Saturday, September 14, 2002

Lawrence Lessig responds to my thoughts on his concerns with "opaque creativity."

I agree that the Supreme Court's thinking is at the heart of this issue, as you quoted, that the "ultimate goal of the patent system is to bring new designs and technologies into the public domain through disclosure." But this system is one which is designed not to compel the inventor to make a disclosure, but rather to provide an incentive for such disclosure.

I like your description of the patent, the "here's how to copy my invention" document. A fundamental problem for patent applicants, though, is that the patent document can also offer a blueprint for "here's how to engineer around my invention." Furthermore, the expenses involved in patent application, argument to achieve patent issuance, and litigation to protect an issued patent ultimately takes patent protection out of reach for most citizens.

But citizens have another option, that of keeping an invention a "trade secret." Thus the system works that I have a choice between receiving some special protection or no special protection. If I want the state to grant me a "limited time" monopoly, I may apply for a patent, risking the possibility that a competitor may engineer around my solution, but receiving some ability under the law to prevent infringement in my specific methodology or design. In exchange I ultimately agree that after some "limited time" the specific methodolgy or design receives no further protection and becomes the property of all citizens. This does not necessarily prohibit me from continuing to build a business around the invention as I may still effectively compete on efficiency or distribution or quality or brand recognition. Or, of course, on further innovation.
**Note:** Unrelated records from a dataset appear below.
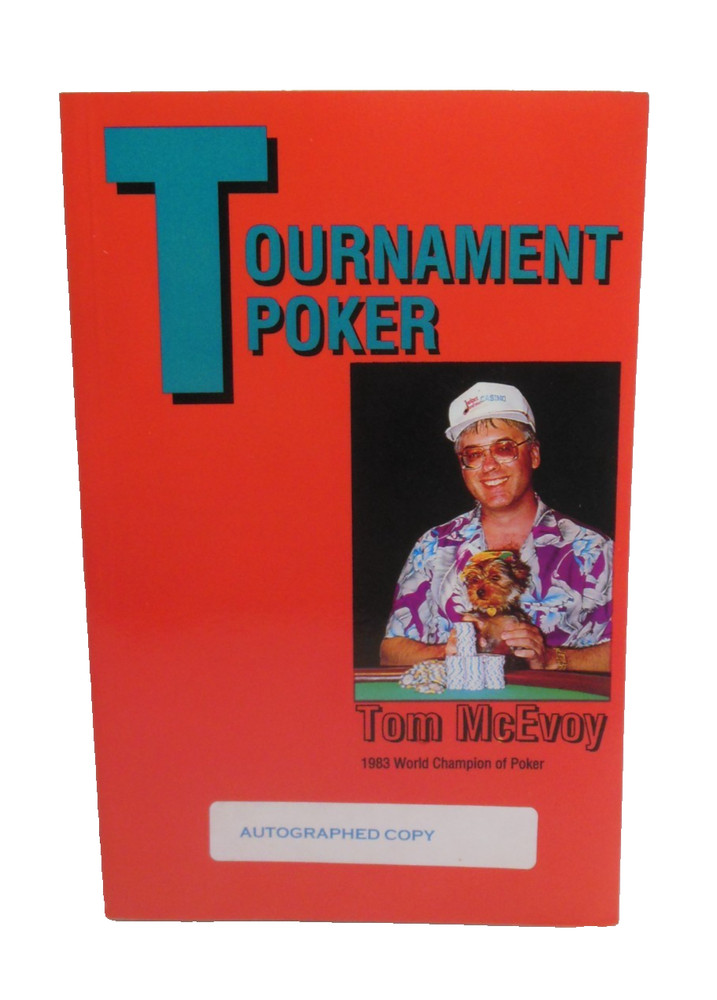 How To Win Tournament Poker SIGNED by Poker Hall of Fame Player Tom McEvoy TPB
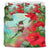 Hawaii Hummingbird Red Hibiscus Bedding Set - AH - Polynesian Pride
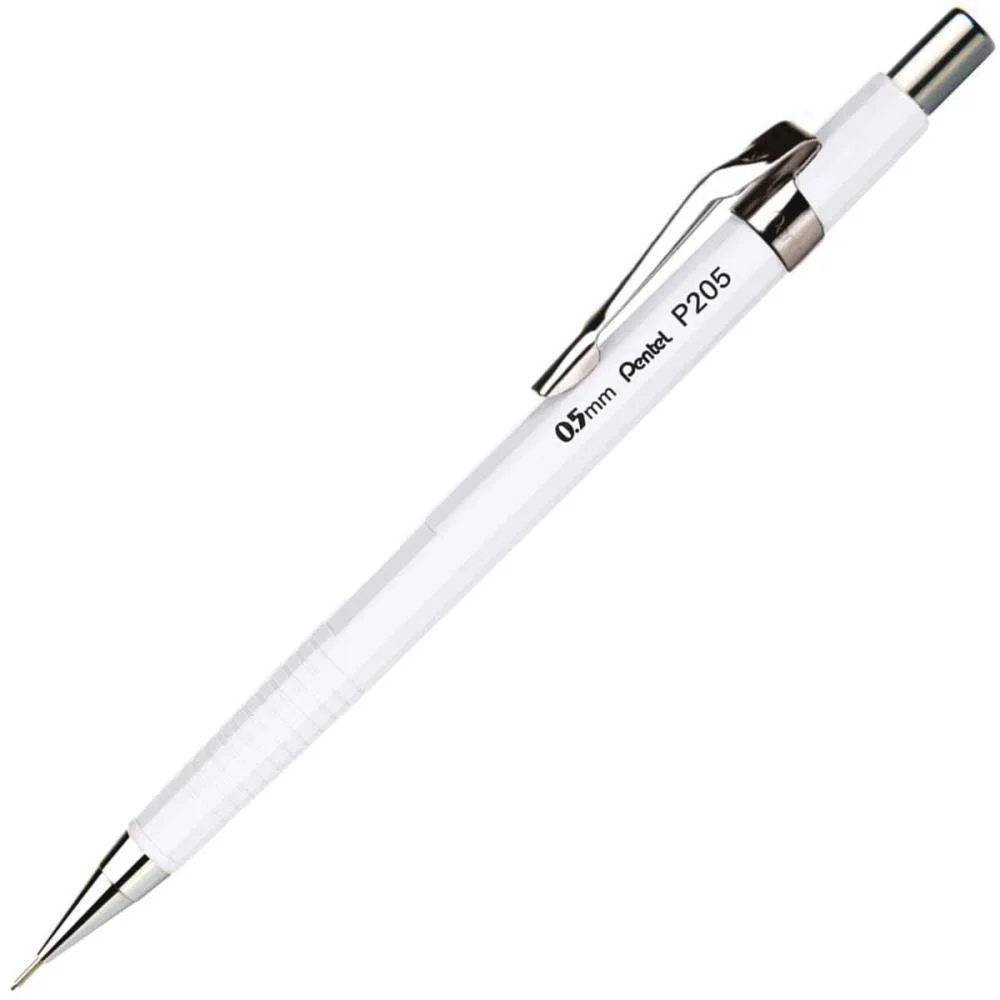 Lapiseira 0.5Mm Pentel Branca Pentel (Blister) - imagem 3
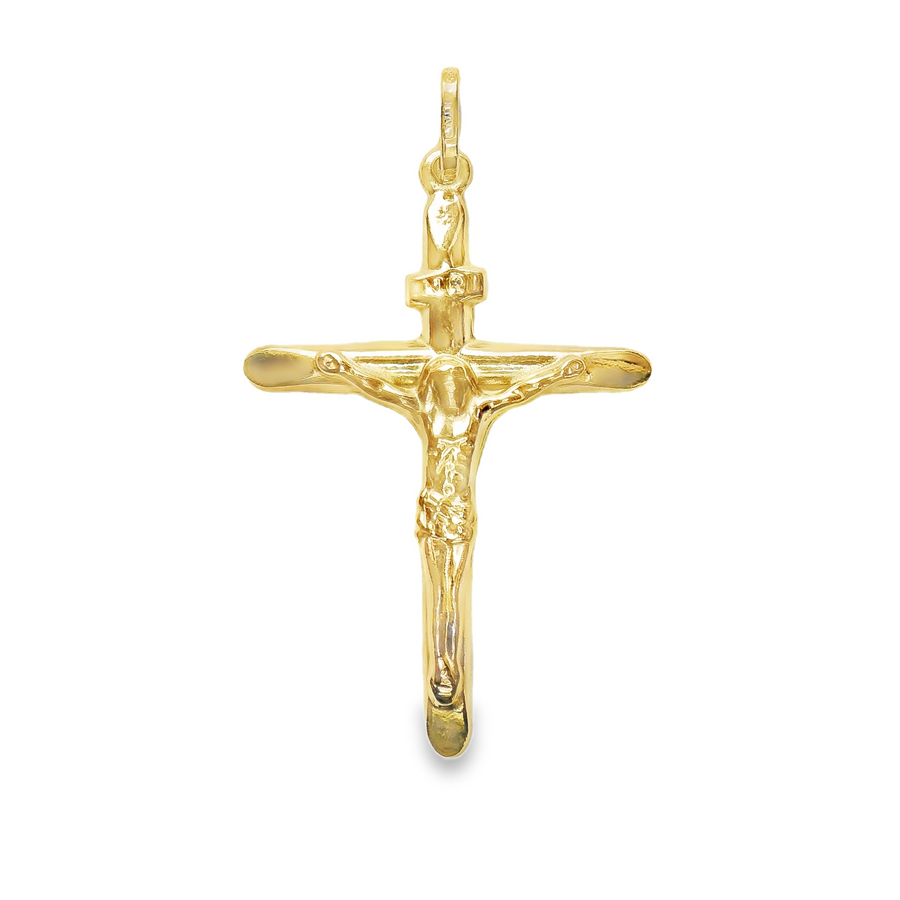 14kt Yellow Gold Italian Made Crucifix Charm (1.42g)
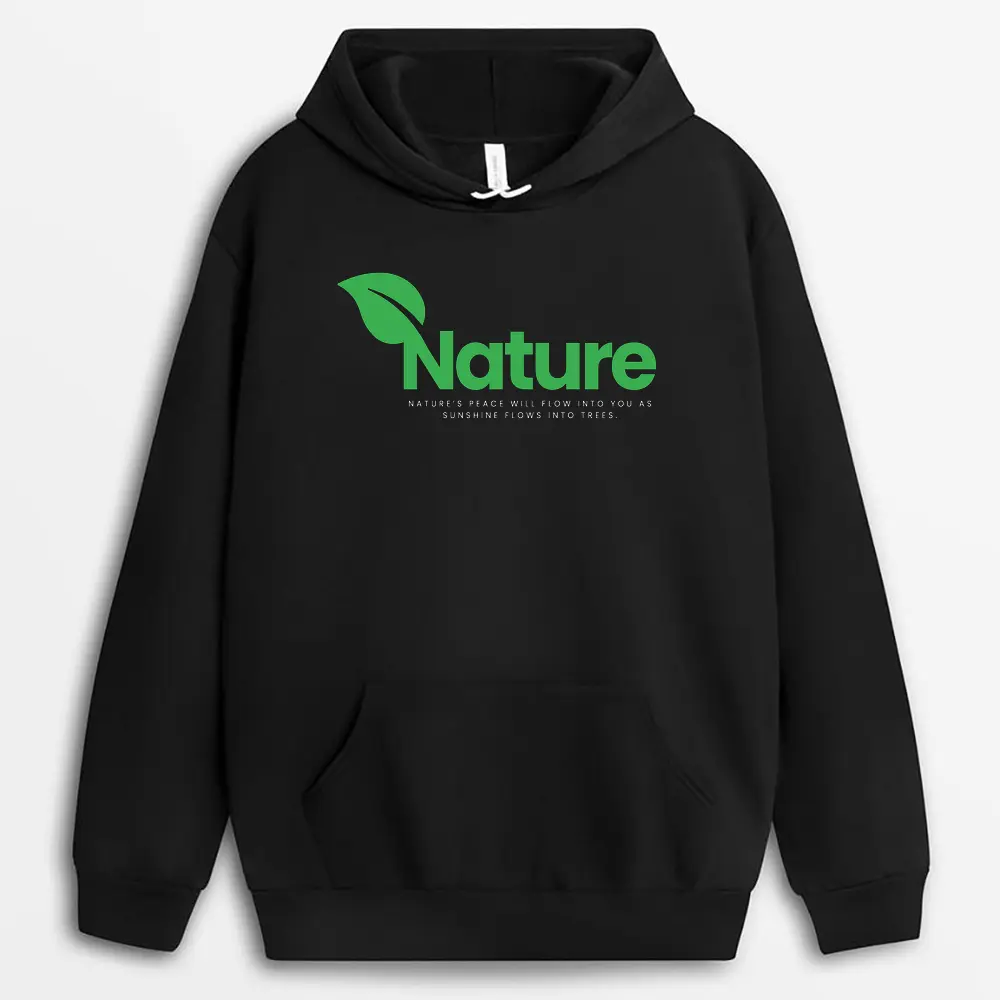 Natures Peace Will Flow Into You As Sunshine Flows Into Trees Gtxgap Hoodie - Black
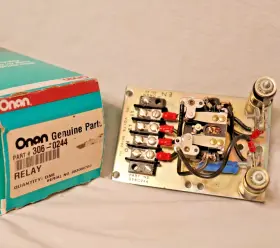 306-0244 Onan Cummins Relay Assembly Pcb Voltage Sense En 306c244 Control Senses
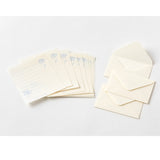 Midori Washi Paper Mini Stationery | White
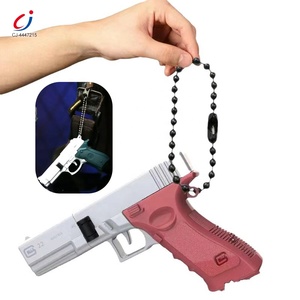 Chengji Pistole Spielzeug pistole Legierung Kinder 2 in 1 veränderbare Dekorationen DIY montieren auseinander nehmen Verformung Mini Revolver Spielzeug pistole - Product Image 5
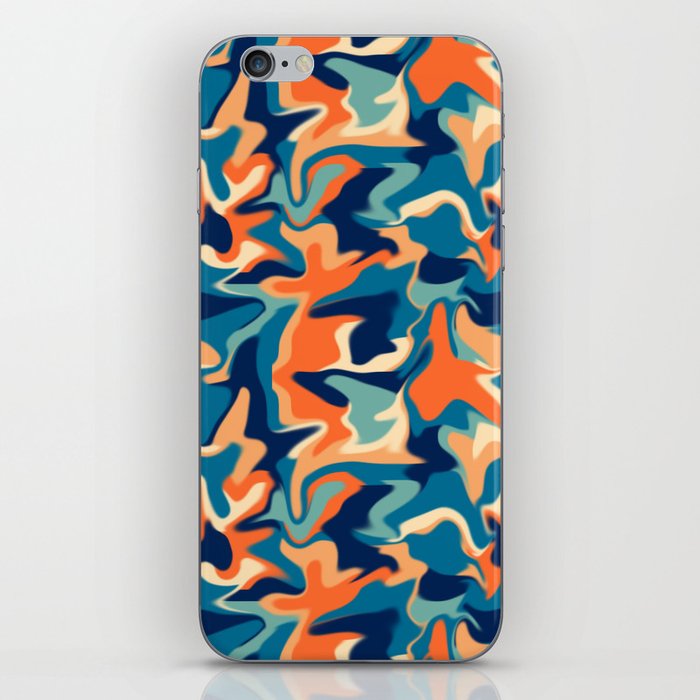 70s Abstract Swirl Wave iPhone Skin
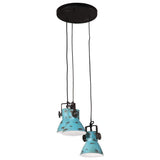 Vidaxx Hängelampe 25 W E27 30x30x100 cm verwittertes Blau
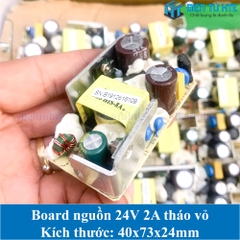 Board nguồn tháo vỏ 24V 2A 40x73x24mm loại tốt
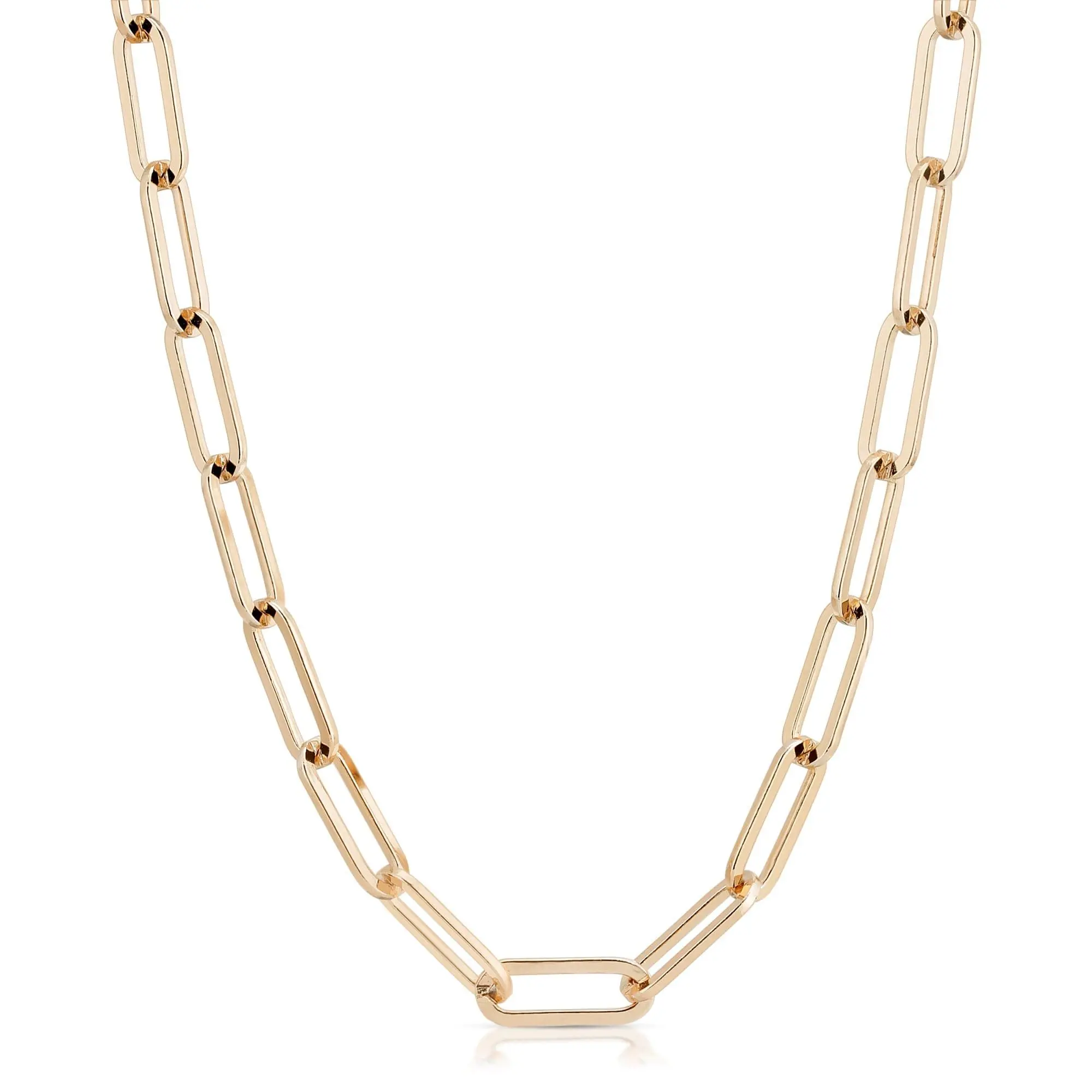 Large Elongated Link Mask Chain - Elegant Design, Lightweight, Versatile Accessory for Everyday Wear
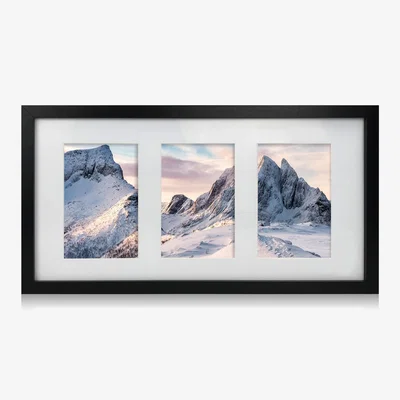 The Range Essentials 3 in 1 Matt Wooden Frame  - Black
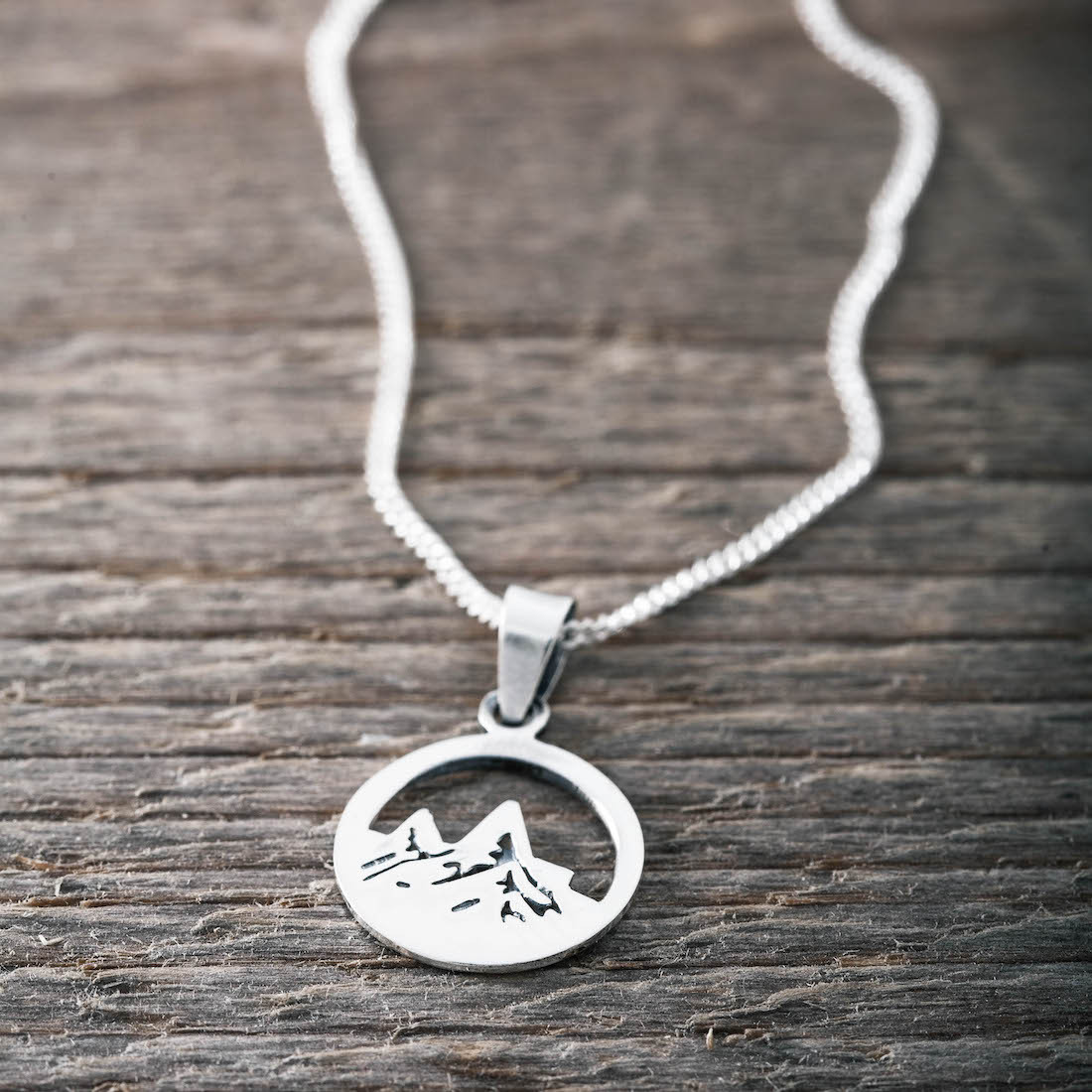 Mountain Necklace 925 Sterling Silver with Sun Mountain Range Camper Gifts  Jewelry for Women - Walmart.com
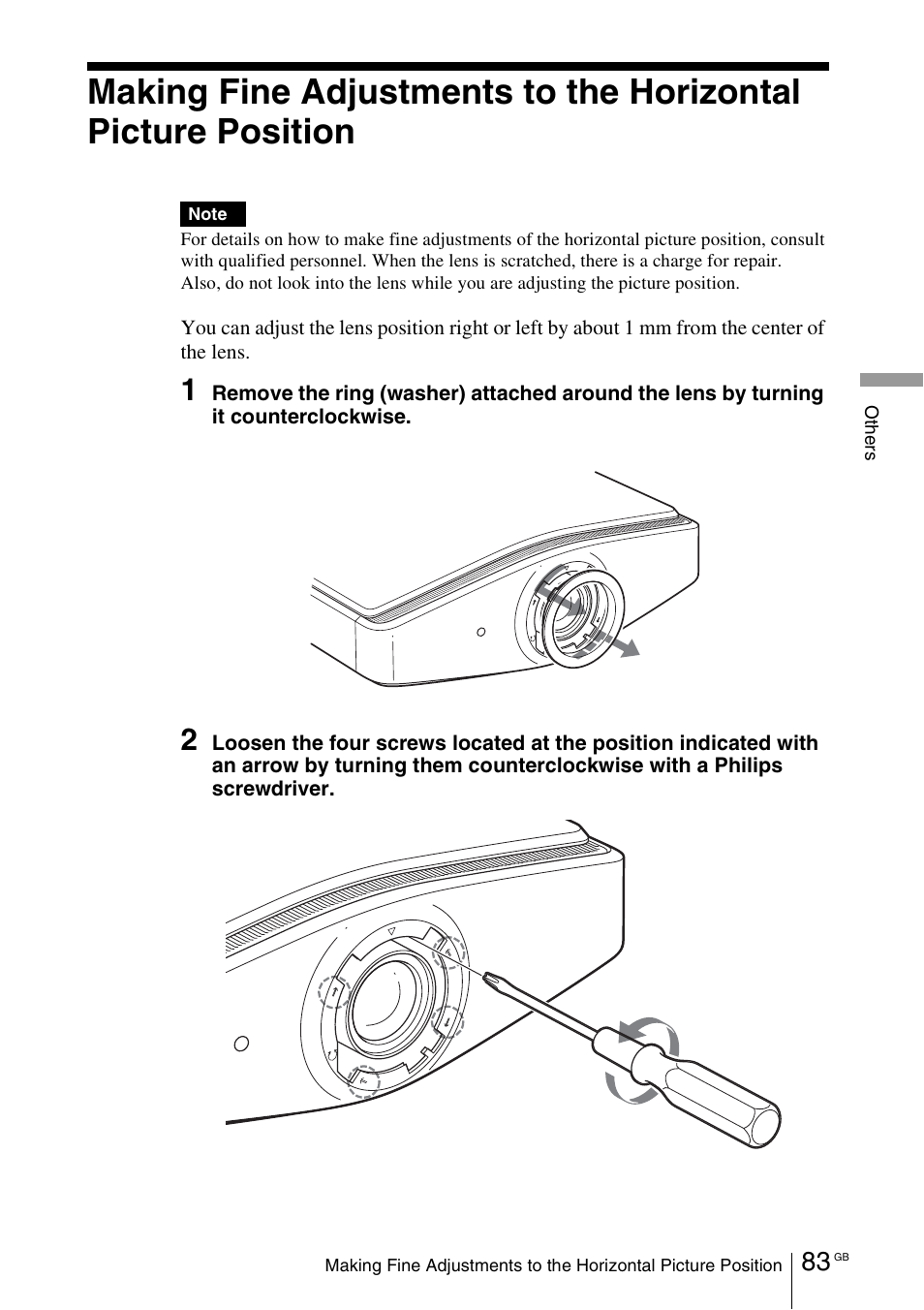 Sony VPL-VW100 User Manual | Page 83 / 259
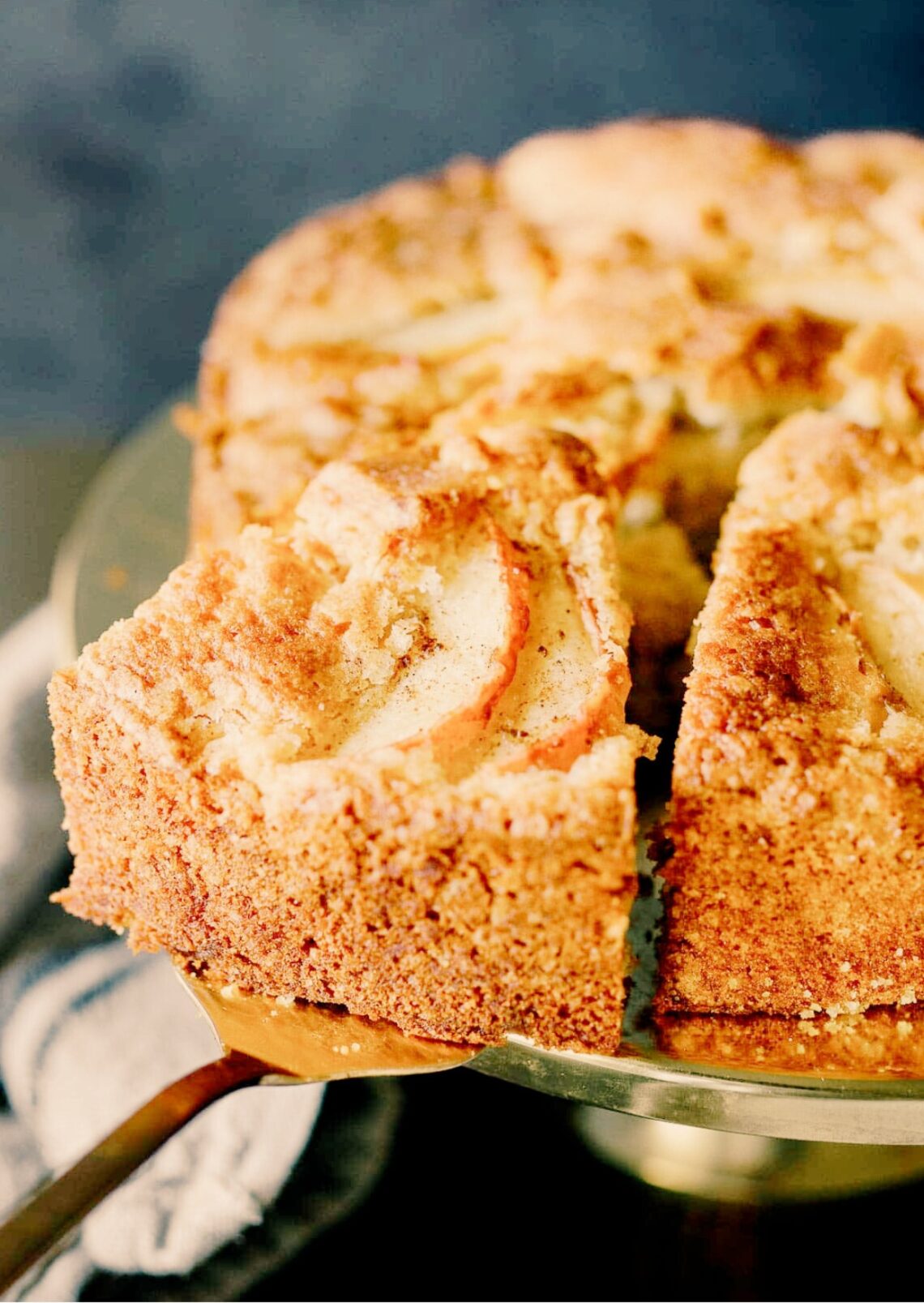 pastís de poma amb cardamom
Alternatively, if I do not want this limited time monopoly (or I cannot afford it), I am still free to do business but without any special protection for my specific methodology or design.

In your proposal (if I understand it correctly), you would provide the software developer with copyright protection for the object code (or the opaque version) of his product only if he also agreed to place the source code (or the transparent version) of his product into escrow with the State. This escrow might be secret, preventing any competitor from viewing the precise implementation of the invention, but would ultimately be released by the State at the termination of the "limited time" monopoly.

Thus software (and other copyrighted "opaque" inventions?) would only be treated as property, and accorded any protection from theft, if the transparent version of the invention was held by the State and released at some time in the future. Thus the inventor of opaque IP would be compelled to divulge the "secret sauce" of his invention and would never be accorded the same choice between some value offered by the state (a "limited time" monopoly in the case of patents) vs. the ability to do business without such a monopoly (a "trade secret" with the possibility that the secret sauce would be reverse engineered). Furthermore, as software is infinitely duplicable for nominal cost, the inventor would have all value in his invention stripped from him by the State at the end of the "limited time" of protection, as the State would become the distributor of his invention. The corollary with a physical product would be for the State to give everyone a free cotton gin when Eli Whitney's patent ran out.

It seems to me that for your proposal to work, the opaque version of the invention should still receive copyright protection, while the inventor would receive some additional incentive for disclosure of the transparent version. One suggestion as an example -- perhaps government funds could only be spent on software that had been submitted to the secret limited time escrow scheme. Thus, I could chose to keep my software secret, but would then not be able to sell to the government.

If opaque creativity does not receive the same protection as transparent creativity it seems to me that we will be creating an enormous problem in determining just what is an opaque creation, and what is a transparent one. The other example in my earlier note is an interesting one -- should the romance novels generated by an automatic novel writing software receive copyright protection if I do not submit my software to the escrow plan? What about special effects in movies -- should Pixar be required to escrow their animation software for Toy Story to recieve copyright protection? How about the musician that programs a sound into a synthesizer -- should the musician be compelled to escrow the specifics of this wave form in order to receive protection for the song?

I do not disagree with the idea of an extension to existing copyright and patent law which would create an incentive for inventors to disclose their means of production, and I see your argument that this is a logical extension of the State's objectives in promoting the "Progress of Science." However, I believe that such an extension should be done in a form which offers an incentive for participation and does not become a compulsion for the inventor.